Items from a data source:
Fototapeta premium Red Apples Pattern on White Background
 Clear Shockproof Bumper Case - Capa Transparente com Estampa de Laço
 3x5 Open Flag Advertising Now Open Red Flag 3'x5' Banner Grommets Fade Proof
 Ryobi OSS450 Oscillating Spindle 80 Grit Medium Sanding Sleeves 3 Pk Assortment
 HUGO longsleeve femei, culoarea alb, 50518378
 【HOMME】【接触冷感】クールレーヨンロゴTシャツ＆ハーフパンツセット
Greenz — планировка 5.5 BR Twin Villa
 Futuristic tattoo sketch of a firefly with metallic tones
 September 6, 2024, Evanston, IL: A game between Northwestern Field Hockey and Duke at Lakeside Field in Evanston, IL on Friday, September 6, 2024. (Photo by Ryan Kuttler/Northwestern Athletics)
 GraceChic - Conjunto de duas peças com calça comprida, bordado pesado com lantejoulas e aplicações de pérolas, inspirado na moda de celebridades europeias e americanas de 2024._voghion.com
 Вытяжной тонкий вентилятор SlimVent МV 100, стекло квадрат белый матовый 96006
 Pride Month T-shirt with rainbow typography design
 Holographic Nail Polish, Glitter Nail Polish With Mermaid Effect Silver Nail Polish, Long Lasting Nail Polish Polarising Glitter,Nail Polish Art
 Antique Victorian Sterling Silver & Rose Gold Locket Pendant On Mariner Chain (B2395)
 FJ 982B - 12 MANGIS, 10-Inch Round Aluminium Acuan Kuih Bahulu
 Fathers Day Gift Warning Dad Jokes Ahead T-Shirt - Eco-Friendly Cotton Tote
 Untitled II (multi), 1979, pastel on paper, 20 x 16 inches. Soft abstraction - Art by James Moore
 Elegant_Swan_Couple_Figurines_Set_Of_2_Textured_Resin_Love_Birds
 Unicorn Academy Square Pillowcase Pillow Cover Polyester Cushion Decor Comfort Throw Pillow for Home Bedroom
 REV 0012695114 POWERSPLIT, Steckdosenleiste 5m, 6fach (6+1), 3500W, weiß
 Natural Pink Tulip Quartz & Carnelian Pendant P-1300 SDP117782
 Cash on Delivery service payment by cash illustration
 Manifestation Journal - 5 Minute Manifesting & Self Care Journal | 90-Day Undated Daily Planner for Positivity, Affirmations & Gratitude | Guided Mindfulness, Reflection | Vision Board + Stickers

- _Problem to solve_: Take the line above containing "Untitled II (multi), 1979, pastel", the line containing "Unicorn Academy Square", and all lines in between, and copy them exactly without anything else.

- _Response for this exercise_:
 Untitled II (multi), 1979, pastel on paper, 20 x 16 inches. Soft abstraction - Art by James Moore
 Elegant_Swan_Couple_Figurines_Set_Of_2_Textured_Resin_Love_Birds
 Unicorn Academy Square Pillowcase Pillow Cover Polyester Cushion Decor Comfort Throw Pillow for Home Bedroom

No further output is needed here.